So the law requires no signatures for a primary ballot.
Section § 24.2-520. Declaration of candidacy required has a requirement that the candidate file a written declaration and, interestingly, has the candidate agree that if he loses the primary his name may not appear on the general election ballot. So, no third party “sour grapes” candidate allowed if you lost a primary. An interesting law.
Section § 24.2-523. Candidates to pay fee before filing lays out the fees. No exemption for primary candidates here!
In 1999, the Virginia Legislature saw fit to add a new section dealing with Presidential Primaries. This section has been amended 4 times since it was enacted. Before we look at the language here, let’s look at the evolution of the section by these amendments.
In 2000, the Legislature changed the part dealing with who should pay for these primaries. Originally, the cost was to be paid by the counties and cities. The amendment declares that an emergency exists and that the Commonwealth, not the localities, will pay for the primaries retroactive to the passage of the amendment. Obviously the state took back an unfunded mandate.
In 2003, the state made a rather significant change. They added a paragraph that shifted much of the responsibility from the State Board to the Party Chairman.

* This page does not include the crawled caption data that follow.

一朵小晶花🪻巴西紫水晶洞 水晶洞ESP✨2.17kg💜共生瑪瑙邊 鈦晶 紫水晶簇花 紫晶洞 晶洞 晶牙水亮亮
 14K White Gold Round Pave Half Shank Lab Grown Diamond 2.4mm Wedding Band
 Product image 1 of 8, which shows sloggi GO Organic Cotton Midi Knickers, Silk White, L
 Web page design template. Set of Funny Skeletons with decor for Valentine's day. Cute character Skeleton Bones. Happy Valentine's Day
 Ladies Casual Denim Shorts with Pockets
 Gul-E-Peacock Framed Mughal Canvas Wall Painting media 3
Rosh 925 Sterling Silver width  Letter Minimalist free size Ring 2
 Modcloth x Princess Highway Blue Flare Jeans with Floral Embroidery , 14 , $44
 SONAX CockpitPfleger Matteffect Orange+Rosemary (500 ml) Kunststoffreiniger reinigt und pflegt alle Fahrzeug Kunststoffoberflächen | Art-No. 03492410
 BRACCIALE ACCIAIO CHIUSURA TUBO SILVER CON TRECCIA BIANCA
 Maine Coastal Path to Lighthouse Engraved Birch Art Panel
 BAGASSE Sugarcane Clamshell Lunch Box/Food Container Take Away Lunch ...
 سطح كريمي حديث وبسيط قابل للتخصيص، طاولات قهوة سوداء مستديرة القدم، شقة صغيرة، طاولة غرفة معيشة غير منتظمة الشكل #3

The Board simply sends any petitions over to the Chairman and lets the Party Chair determine who is put on the ballot.
In 2011 there was a small tweak that seems to allow a party more leeway in delegate selection and designation regarding the primary victor.
But one of the most important differences in the section dealing with Presidential Primaries is the use of the word may instead of shall. We have already examined the mandatory nature of the petitions for the general statewide elections. The language and requirements are quite different, however, for a Presidential Primary.
B. Any person seeking the nomination of the national political party for the office of President of the United States, or any group organized in this Commonwealth on behalf of, and with the consent of such person, may file with the State Board petitions signed by at least 10,000 qualified voters, including at least 400 qualified voters from each congressional district in the Commonwealth, who attest that they intend to participate in the primary of the same political party as the candidate for whom the petitions are filed. Such petitions shall be filed with the State Board by the primary filing deadline.
In examining the language in the statewide section, the intent is obviously to force a candidate to gather the signatures and the name shall not be on the ballot without them.
Quite different language and tone here.
Obviously, when the state intended a petition to be mandatory, they language was clear.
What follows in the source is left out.